Earlier this summer I took some time and worked through John S. Feinberg's helpful (and thorough - 799 pages!) Light in a Dark Place: The Doctrine of Scripture. Among so many other things I enjoyed about the book, I benefited from how we approached something called "the animation of Scripture" - the belief that Scripture has life-giving, life-changing power that no other book shares.
This life-giving, life changing power of the Bible is WHY the Brookside Institute champions biblical literacy and Bible engagement in all the ways it does. Not because Bible engagement is an end-in-itself, but because the Bible is the primary means by which God introduces Himself, a primary way the Spirit works to grow us, and the clearest presentation of the all-satisfying Person and work of Christ.

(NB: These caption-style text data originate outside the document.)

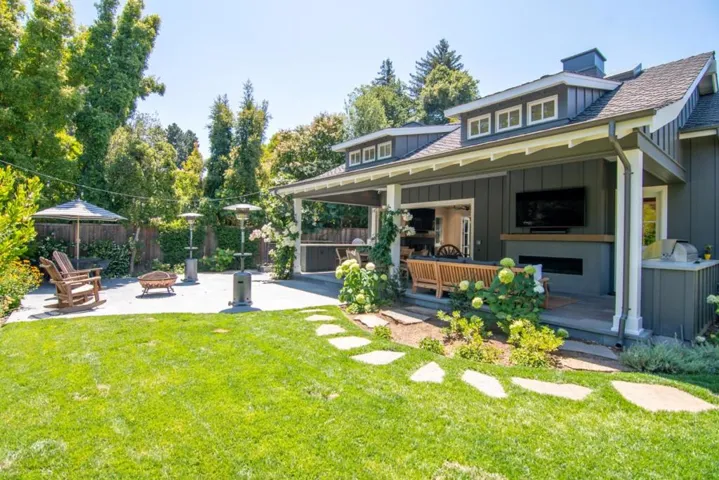 1099 Cambridge Avenue, Menlo Park, California 94025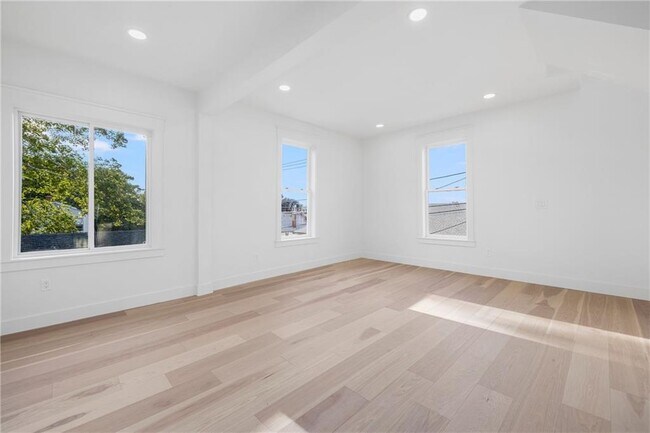 Building Photo - 7 Sheffield Ave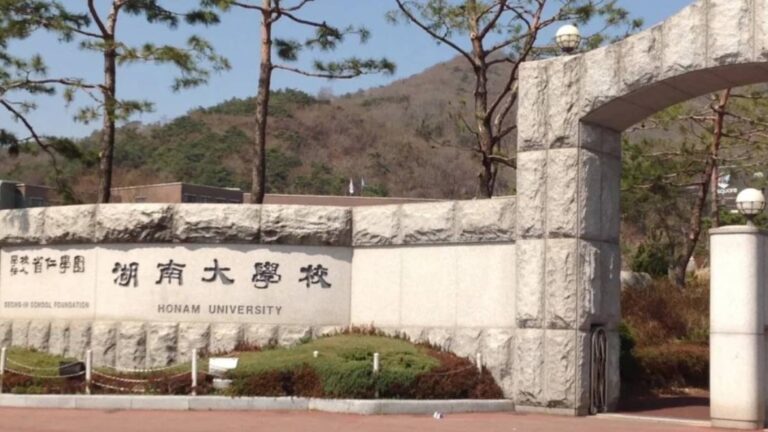 南韓查獲逾百中國留學生偽造學歷 勒令離境 五人提訴訟抗辯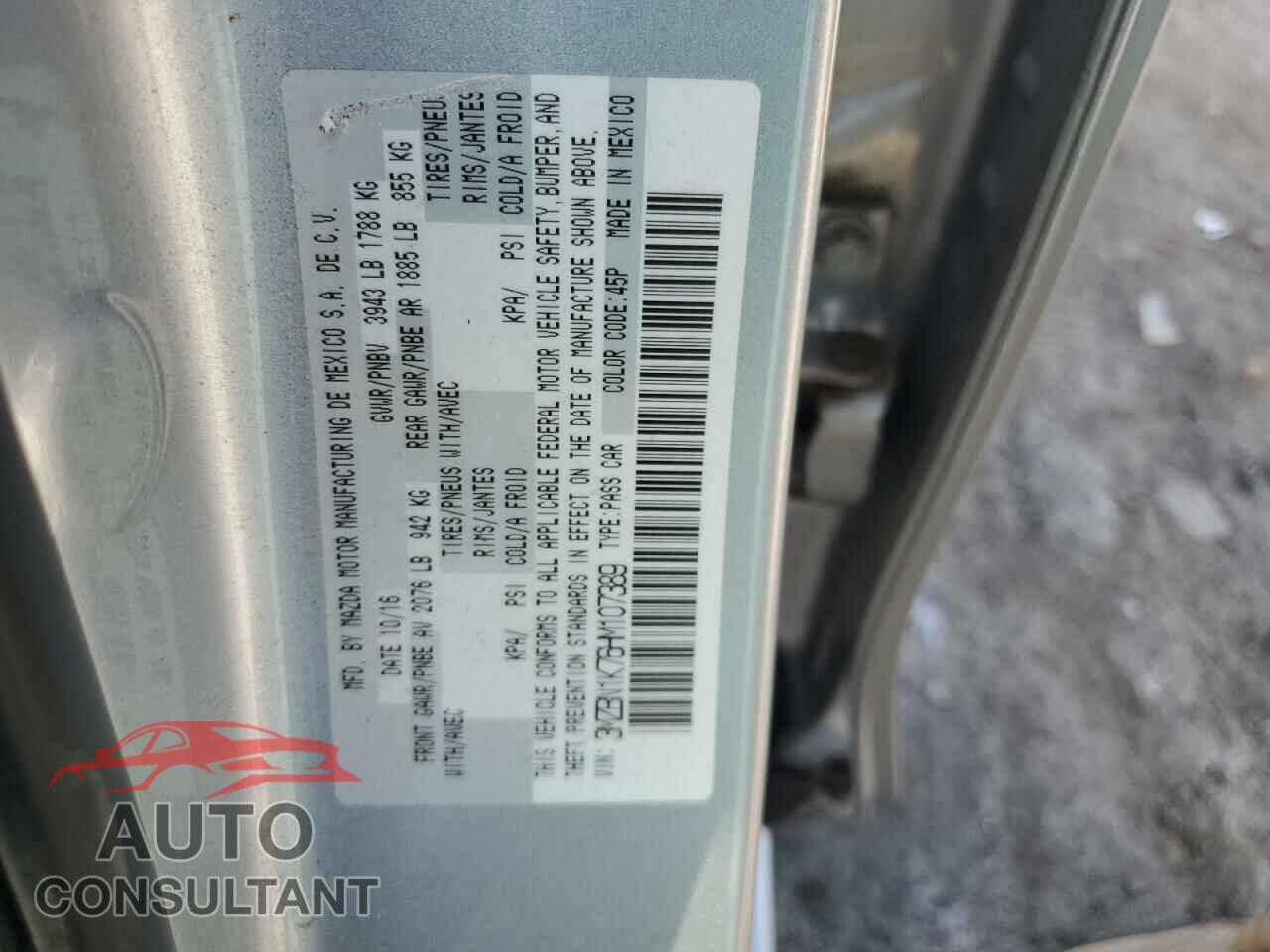 MAZDA 3 2017 - 3MZBN1K76HM107389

Toward the end of this chapter on the animating power of the Bible, Feinberg draws several practical implications from this belief. Let me quote one of the implications he highlights (from pp. 678-69), in hopes that this will encourage all of us to keep coming back to the Bible, that we might experience the life-changing, life-giving power it offers in all the ways it offers it:
God's word has power like no other words ever spoken. Thus, it should be the focus of our study and of our everyday living. Whatever we are called to do, and whatever challenges confront us, our first response should always be to ask what Scripture says about the subject and the deeds in question. Needless to say, that can't happen if we don't read and ponder Scripture. Sadly, even Christians committed to verbal plenary inspiration, the fully inerrancy of Scripture, and the power of God's word find little time in the course of a week to read even a little of it. Believers know the message of Psalm 1 as it compares the happy and blessed man with the man who is unhappy and heading for disaster. The key to both is what they do with Scripture. They happy man grounds his life in God's word. He does not merely take a 'small taste' of it for a half-hour each Sunday morning when his pastor preaches. He meditates on God's word both day and night. As a result, when the storms of life confront him, he survives and even flourishes. The unhappy man, whose life is grounded in pleasure, money-making, self-aggrandizement and / or any of the many philosophies that leave out God and his word, is not ready for life's challenges. At some time in his life there will likely be disaster and ruin, and even if not in this life, he is headed for a horrific eternity.